*Task prompt*
Write out each line of the entries exactly, starting at the first and finishing with the line that contains "2522 Tucker Rd, Silsbee, TX".

*Available data*
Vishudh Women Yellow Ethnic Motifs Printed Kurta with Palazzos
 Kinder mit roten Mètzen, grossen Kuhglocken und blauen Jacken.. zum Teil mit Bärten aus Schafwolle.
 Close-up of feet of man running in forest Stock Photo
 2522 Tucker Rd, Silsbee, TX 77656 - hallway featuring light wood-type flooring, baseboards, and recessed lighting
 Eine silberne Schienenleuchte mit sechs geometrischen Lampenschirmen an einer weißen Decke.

*Solution for this problem*
Vishudh Women Yellow Ethnic Motifs Printed Kurta with Palazzos
 Kinder mit roten Mètzen, grossen Kuhglocken und blauen Jacken.. zum Teil mit Bärten aus Schafwolle.
 Close-up of feet of man running in forest Stock Photo
 2522 Tucker Rd, Silsbee, TX 77656 - hallway featuring light wood-type flooring, baseboards, and recessed lighting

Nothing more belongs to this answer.